Georgia’s track-record of equal treatment for African Americans under the criminal justice system is murky at best. There was, in the case of the Johnson brothers, the “absolutely slam-dunk reliability in Georgia and throughout the South, to use the self-defense alibi whenever there was a white man was accused of killing a black man,” says Klibanoff.
In court, the brothers claimed they were at Nixon’s house that day merely to hire him for a job, only to end up having to shoot him in self-defense. Despite the fact that the white sheriff even said the brothers were there to kill Nixon for voting, an all-white jury let one walk, then charges against the other were dropped.
“I think people will come away from this with an understanding of how the people of the South, in particular, were far too easy when it came to listening to demagogues who were leading them down the wrong road,” says Klibanoff. “Demagogues need someone to bully, and they picked black people.”
Eugene Talmadge, who Klibanoff talks about in “Buried Truths,” was a populist politician elected governor of Georgia four times by the mid-1940s, despite being a well-known segregationist with ties with the KKK. In his newspaper, The Statesman, Talmadge would write in all caps: “This is a white man’s country and we must keep it so.”
“I think we all know, but we don’t really know,” says Klibanoff. “We know there was discrimination, and I can imagine talking to friends in the South who are right-minded, conservative people, and they would say, ‘Yeah, we absolutely discriminated and that was an awful time,’ but they don’t really understand the trouble that the white supremacists would go to build in all these trap doors for blacks. To make it impossible for them to get out of their circumstances.”
Compelling questions
The Nixon family — including Dorothy Nixon Williams, who was six-years-old when she watched her father’s murder — fled Georgia for Florida not long after the killing.

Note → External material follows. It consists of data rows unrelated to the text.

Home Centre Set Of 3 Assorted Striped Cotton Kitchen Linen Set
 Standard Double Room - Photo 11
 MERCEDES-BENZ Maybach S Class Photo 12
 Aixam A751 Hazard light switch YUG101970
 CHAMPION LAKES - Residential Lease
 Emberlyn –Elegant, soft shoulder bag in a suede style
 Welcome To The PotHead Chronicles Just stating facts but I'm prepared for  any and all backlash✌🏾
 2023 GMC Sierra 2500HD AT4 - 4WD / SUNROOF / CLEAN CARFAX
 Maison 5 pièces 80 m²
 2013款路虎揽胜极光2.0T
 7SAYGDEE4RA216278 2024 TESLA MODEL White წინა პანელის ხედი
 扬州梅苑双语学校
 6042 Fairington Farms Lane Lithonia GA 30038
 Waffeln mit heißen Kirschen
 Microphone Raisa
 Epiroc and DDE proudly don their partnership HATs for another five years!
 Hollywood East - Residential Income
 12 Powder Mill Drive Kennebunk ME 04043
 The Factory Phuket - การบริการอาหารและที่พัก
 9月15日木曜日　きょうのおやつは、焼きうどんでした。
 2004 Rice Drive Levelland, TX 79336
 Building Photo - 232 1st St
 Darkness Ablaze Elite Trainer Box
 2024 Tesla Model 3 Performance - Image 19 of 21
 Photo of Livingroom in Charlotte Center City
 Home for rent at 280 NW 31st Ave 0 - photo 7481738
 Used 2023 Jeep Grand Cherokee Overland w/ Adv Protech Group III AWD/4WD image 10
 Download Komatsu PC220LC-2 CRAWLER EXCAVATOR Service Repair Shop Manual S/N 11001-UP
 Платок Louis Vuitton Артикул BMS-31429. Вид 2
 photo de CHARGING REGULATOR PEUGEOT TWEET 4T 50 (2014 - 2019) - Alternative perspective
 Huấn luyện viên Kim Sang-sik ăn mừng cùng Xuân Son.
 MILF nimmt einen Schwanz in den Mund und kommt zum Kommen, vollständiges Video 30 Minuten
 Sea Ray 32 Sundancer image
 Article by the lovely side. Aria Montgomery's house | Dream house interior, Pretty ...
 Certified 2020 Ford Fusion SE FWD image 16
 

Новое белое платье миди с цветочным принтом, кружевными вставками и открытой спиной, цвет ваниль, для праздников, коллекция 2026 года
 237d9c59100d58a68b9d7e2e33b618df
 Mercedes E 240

Williams, now 76, would grow up to marry and have children and become a psychiatric nurse.
The Nixons, like all of the families mentioned in “Buried Truths” who fled persecution in the South during that time, are “devoted to this nation,” says Klibanoff. “They are optimistic, positive, religious and hell bent on never, ever failing to vote.”
These families struggled, but as Klibanoff’s story will show, against all odds they came out the other side. After the family left Georgia, Isaiah Nixon’s grave was lost to a past of injustice. In 2015, three students from Emory’s Georgia Civil Rights Cold Cases Project, along with Klibanoff, found Nixon’s final resting place.
“One of the most uplifting discoveries of this whole process has been getting to know the Nixon family,” says Klibanoff. “The transformation of Dorothy Nixon, who carried so much anger for so many years, but as she said at her father’s gravesite, after she came to Emory and met the students and told the story, a lot of that anger went away. And when our students found her father’s gravesite? She said, ‘Now it’s all released.’”
Klibanoff says that he doesn’t have an agenda with the podcast beyond telling important, compelling stories, “but people are absolutely linking it to present times. Those stories that deal with police action and police overreaction, people immediately connect to current times. Some of them are eerily related.”
“Buried Truths” is a six-episode opportunity to connect with people outside of the walls of the classroom and allow them access to what Klibanoff’s students have — the chance to revisit Georgia’s sordid racial and judicial past and see all of the white men and women in the pages of history who sat on the sidelines, watching it all happen and doing nothing.
“Who were we as a people that we allowed this to happen? That’s the question we always have to ask ourselves,” says Klibanoff. “That’s always worth asking. Can I be a bystander on this, or do I need to engage?”